■ PROBLEM TO WORK ON
Copy out the lines of the records below, and only those lines, from the one with "Se vende Casa" through the one with "Tàu cá vào cửa", exactly as they appear.

■ EXERCISE INPUTS
********************
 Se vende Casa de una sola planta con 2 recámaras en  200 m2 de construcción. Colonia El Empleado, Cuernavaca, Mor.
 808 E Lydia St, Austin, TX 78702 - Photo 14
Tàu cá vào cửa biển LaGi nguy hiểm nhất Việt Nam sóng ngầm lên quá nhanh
********************
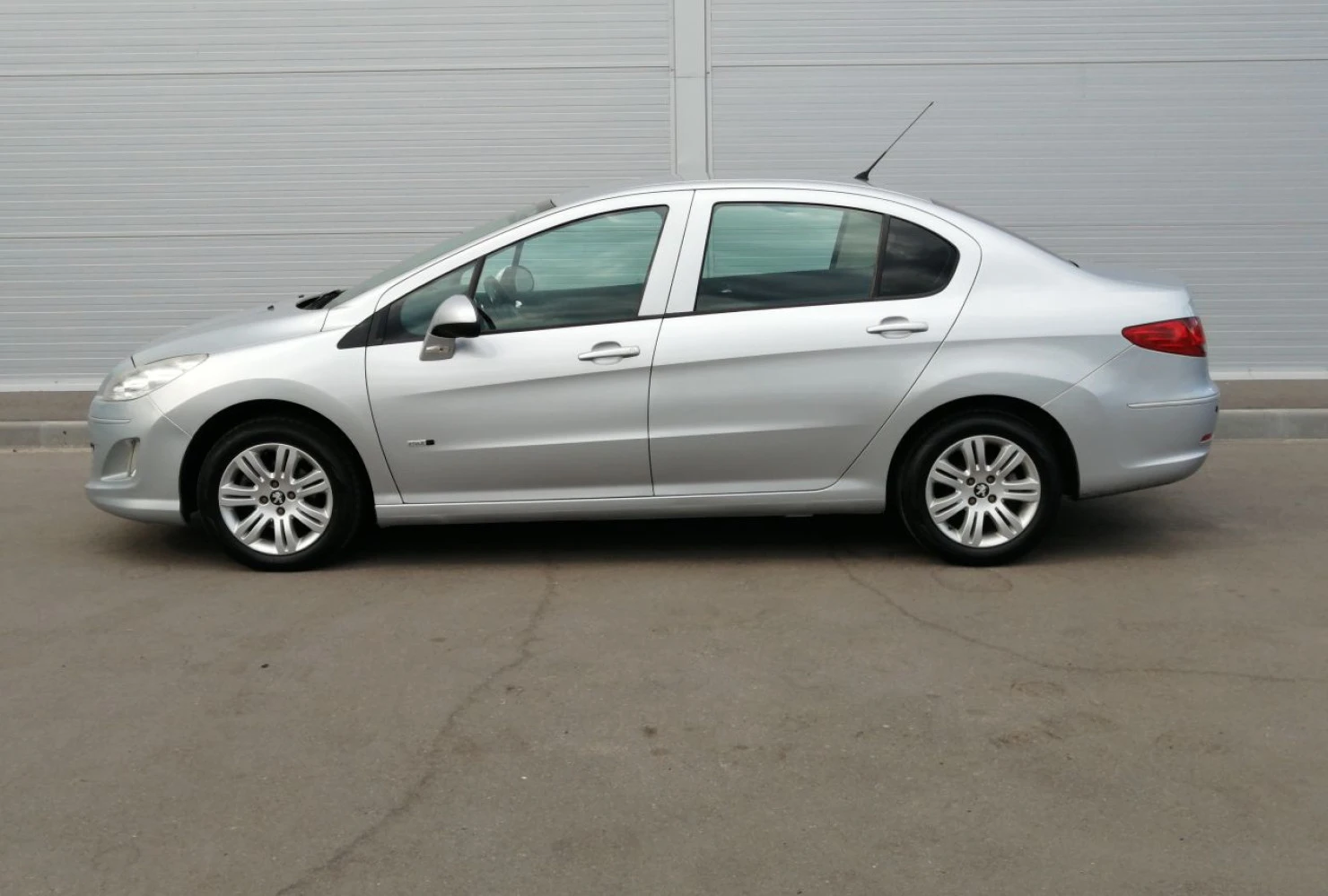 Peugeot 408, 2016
********************
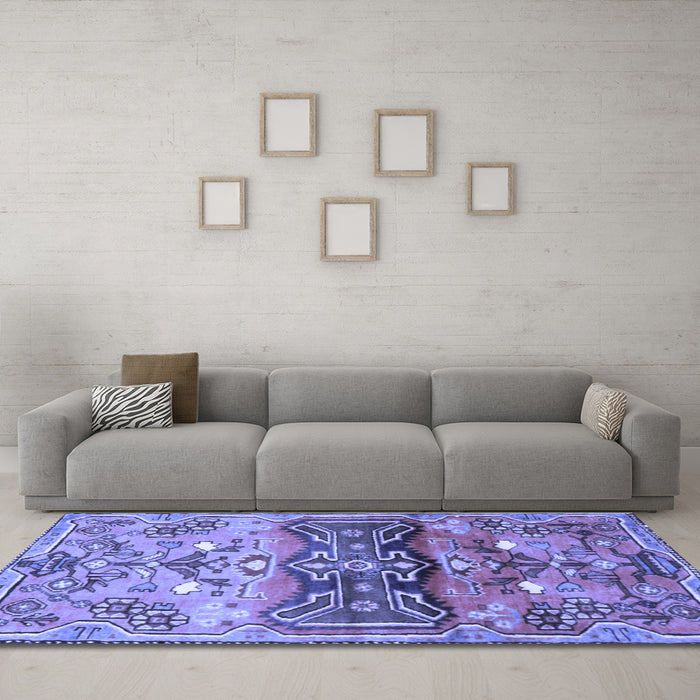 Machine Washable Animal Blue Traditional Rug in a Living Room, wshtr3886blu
********************
■ ANSWER BOX
 Se vende Casa de una sola planta con 2 recámaras en  200 m2 de construcción. Colonia El Empleado, Cuernavaca, Mor.
 808 E Lydia St, Austin, TX 78702 - Photo 14
Tàu cá vào cửa biển LaGi nguy hiểm nhất Việt Nam sóng ngầm lên quá nhanh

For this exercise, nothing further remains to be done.